START GIVEN RECORDS
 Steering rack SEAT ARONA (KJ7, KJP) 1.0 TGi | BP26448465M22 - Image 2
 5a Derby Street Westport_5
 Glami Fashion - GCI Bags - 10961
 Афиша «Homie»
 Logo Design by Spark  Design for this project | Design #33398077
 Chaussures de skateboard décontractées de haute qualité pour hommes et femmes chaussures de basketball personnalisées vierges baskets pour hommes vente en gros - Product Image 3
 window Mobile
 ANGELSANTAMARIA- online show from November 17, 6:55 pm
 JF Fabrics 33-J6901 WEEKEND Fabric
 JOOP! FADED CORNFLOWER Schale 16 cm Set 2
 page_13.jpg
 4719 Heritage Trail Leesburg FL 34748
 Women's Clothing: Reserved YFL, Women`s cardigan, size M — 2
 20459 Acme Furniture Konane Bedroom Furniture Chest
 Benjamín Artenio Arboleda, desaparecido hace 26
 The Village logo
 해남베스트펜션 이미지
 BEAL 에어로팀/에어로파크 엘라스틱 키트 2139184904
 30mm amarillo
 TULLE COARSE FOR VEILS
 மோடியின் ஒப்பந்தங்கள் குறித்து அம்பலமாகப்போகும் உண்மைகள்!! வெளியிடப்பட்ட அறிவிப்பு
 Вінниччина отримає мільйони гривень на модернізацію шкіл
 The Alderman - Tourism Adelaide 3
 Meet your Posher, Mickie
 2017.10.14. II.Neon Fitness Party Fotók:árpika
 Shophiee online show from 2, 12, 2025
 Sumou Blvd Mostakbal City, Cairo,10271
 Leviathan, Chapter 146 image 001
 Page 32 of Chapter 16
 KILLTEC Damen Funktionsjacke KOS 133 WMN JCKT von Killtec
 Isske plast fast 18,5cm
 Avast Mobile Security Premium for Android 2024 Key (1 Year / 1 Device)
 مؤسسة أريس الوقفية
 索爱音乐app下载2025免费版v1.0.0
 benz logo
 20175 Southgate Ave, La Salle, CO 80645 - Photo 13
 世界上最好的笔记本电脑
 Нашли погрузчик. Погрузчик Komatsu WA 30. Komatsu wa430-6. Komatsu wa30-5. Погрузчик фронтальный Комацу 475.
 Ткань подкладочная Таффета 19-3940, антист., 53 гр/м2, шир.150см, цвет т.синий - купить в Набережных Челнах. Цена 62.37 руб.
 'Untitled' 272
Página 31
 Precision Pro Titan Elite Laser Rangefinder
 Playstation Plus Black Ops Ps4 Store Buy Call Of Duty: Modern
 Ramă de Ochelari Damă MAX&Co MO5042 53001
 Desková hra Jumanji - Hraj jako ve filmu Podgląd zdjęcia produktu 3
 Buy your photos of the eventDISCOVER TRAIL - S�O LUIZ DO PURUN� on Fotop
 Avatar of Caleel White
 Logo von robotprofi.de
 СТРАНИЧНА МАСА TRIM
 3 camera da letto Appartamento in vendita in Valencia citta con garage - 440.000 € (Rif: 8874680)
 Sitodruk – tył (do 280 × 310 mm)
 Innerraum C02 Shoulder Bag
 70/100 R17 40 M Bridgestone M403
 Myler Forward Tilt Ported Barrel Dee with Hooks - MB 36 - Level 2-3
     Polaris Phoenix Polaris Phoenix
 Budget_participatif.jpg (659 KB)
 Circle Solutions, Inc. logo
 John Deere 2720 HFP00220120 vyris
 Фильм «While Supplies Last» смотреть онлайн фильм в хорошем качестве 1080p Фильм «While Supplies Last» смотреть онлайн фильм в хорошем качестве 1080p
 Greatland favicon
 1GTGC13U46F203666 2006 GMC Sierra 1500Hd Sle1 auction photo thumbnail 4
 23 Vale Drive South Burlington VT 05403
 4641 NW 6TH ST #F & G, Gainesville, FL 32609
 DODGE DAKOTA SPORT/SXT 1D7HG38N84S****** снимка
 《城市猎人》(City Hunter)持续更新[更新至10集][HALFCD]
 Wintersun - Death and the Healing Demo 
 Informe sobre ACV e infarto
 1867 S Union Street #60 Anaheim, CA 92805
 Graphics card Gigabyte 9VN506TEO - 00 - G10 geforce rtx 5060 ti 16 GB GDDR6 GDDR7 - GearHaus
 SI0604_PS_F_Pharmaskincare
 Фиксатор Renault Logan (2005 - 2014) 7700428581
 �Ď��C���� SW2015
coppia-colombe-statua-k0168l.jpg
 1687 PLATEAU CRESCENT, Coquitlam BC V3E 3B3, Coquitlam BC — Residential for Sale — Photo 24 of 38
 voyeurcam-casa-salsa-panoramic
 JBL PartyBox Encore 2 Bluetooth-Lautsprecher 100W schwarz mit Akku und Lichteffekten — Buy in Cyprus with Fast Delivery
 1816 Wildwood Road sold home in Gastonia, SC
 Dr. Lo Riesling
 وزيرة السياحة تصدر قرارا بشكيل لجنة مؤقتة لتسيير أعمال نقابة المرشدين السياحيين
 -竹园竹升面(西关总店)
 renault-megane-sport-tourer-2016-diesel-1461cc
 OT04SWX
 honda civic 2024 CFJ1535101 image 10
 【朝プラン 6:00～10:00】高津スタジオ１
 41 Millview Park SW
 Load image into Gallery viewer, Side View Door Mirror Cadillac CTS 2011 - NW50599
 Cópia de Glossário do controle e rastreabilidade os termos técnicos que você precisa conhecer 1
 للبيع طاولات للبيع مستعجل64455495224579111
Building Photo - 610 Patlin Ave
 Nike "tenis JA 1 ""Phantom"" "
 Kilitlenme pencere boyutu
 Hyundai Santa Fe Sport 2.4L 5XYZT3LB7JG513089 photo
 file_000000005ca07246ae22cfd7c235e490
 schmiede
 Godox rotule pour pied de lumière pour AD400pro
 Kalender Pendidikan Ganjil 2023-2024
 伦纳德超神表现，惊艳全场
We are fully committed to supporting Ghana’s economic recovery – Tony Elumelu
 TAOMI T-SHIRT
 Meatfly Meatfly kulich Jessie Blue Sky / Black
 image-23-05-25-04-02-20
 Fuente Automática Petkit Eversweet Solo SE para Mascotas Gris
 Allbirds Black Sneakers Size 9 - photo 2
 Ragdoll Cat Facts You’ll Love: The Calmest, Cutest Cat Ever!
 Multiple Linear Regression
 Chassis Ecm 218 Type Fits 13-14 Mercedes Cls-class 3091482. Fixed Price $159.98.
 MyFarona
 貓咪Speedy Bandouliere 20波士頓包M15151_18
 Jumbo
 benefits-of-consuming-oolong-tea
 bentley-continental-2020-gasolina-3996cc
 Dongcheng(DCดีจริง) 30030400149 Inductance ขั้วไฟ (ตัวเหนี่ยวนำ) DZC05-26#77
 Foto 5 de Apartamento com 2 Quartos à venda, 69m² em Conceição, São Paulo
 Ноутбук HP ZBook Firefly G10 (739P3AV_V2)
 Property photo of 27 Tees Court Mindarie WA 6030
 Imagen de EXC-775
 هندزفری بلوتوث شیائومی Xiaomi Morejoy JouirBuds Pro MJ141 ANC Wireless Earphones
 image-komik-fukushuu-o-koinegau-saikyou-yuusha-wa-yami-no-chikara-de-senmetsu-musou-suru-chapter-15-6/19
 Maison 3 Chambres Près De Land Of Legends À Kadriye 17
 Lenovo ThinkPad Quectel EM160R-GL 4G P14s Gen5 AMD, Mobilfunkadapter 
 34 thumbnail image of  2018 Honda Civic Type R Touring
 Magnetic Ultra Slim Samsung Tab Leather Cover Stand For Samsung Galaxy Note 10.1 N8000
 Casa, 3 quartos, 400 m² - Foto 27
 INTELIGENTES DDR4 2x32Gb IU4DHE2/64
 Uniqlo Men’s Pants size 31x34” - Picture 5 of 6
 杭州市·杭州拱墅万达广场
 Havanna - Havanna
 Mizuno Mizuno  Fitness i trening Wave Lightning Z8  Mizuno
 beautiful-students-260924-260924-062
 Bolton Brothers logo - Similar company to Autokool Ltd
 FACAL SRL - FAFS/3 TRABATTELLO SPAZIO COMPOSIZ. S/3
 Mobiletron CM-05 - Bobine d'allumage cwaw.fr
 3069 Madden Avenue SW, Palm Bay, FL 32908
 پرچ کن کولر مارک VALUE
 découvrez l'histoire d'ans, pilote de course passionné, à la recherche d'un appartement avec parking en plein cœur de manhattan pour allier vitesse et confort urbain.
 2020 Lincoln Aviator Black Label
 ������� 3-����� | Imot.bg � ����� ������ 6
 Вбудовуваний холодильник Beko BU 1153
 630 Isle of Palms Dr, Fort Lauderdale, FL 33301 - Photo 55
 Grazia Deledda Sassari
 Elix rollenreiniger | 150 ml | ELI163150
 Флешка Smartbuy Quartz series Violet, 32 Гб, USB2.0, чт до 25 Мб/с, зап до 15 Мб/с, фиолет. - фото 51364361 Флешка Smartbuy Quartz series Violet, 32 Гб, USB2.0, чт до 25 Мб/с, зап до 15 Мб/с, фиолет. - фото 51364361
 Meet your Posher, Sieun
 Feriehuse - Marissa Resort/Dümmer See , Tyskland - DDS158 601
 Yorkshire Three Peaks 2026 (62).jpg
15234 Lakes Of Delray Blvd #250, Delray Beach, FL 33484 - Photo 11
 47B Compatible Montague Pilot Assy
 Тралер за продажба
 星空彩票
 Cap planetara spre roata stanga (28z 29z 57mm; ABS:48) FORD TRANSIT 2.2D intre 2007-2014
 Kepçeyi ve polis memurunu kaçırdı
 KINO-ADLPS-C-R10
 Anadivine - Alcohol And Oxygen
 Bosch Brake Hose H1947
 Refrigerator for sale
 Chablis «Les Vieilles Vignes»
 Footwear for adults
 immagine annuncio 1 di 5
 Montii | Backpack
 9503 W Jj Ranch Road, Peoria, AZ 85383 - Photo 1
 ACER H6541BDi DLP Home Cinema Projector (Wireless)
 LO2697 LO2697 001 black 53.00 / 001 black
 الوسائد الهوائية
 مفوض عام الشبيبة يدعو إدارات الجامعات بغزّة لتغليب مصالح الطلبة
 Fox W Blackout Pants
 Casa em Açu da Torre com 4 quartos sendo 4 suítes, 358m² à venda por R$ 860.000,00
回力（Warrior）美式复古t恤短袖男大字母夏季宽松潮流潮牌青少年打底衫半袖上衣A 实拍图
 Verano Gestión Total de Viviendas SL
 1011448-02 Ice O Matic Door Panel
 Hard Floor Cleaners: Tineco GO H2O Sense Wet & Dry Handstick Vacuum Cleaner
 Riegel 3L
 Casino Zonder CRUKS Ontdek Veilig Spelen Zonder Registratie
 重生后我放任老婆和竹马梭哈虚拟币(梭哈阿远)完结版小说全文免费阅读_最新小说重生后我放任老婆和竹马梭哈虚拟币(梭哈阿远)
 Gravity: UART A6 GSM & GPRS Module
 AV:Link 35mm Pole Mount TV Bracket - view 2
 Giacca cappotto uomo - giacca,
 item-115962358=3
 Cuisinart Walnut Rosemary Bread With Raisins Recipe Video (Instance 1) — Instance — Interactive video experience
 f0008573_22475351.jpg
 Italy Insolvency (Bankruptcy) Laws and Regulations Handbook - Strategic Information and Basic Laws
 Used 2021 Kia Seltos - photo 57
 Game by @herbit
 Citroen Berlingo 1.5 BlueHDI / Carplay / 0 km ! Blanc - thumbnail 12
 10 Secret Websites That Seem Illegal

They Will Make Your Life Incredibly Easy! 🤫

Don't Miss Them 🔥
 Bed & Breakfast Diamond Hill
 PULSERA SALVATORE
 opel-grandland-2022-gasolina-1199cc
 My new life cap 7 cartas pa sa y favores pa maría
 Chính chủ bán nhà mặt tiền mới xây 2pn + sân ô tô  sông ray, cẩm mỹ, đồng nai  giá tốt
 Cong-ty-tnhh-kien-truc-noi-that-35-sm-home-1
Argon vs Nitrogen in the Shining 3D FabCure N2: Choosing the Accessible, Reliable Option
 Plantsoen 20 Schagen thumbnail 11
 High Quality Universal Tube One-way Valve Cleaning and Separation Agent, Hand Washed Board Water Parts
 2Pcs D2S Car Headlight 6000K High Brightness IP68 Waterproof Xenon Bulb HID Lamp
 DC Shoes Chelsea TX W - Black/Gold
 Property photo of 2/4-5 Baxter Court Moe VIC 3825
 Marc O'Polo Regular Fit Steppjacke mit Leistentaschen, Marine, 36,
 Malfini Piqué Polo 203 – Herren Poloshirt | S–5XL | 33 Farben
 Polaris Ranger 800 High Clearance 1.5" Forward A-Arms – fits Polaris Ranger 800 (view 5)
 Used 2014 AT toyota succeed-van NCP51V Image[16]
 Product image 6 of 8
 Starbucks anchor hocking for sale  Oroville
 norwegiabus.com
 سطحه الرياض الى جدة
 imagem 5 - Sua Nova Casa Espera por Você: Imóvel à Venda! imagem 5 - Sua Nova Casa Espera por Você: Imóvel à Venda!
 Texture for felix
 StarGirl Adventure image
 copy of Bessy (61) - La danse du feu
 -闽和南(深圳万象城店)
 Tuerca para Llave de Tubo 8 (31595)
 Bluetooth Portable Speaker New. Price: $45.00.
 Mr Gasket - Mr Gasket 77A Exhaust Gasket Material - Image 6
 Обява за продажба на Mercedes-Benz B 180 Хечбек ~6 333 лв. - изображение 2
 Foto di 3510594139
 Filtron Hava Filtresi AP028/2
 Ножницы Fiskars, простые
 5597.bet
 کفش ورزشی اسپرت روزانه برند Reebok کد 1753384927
END GIVEN RECORDS
WORK INSTRUCTION:
What is needed is an exact repetition of the lines from the first line of the records through the line containing "TULLE COARSE FOR VEILS", both ends included, and nothing more.

RESPONSE BOX:
 Steering rack SEAT ARONA (KJ7, KJP) 1.0 TGi | BP26448465M22 - Image 2
 5a Derby Street Westport_5
 Glami Fashion - GCI Bags - 10961
 Афиша «Homie»
 Logo Design by Spark  Design for this project | Design #33398077
 Chaussures de skateboard décontractées de haute qualité pour hommes et femmes chaussures de basketball personnalisées vierges baskets pour hommes vente en gros - Product Image 3
 window Mobile
 ANGELSANTAMARIA- online show from November 17, 6:55 pm
 JF Fabrics 33-J6901 WEEKEND Fabric
 JOOP! FADED CORNFLOWER Schale 16 cm Set 2
 page_13.jpg
 4719 Heritage Trail Leesburg FL 34748
 Women's Clothing: Reserved YFL, Women`s cardigan, size M — 2
 20459 Acme Furniture Konane Bedroom Furniture Chest
 Benjamín Artenio Arboleda, desaparecido hace 26
 The Village logo
 해남베스트펜션 이미지
 BEAL 에어로팀/에어로파크 엘라스틱 키트 2139184904
 30mm amarillo
 TULLE COARSE FOR VEILS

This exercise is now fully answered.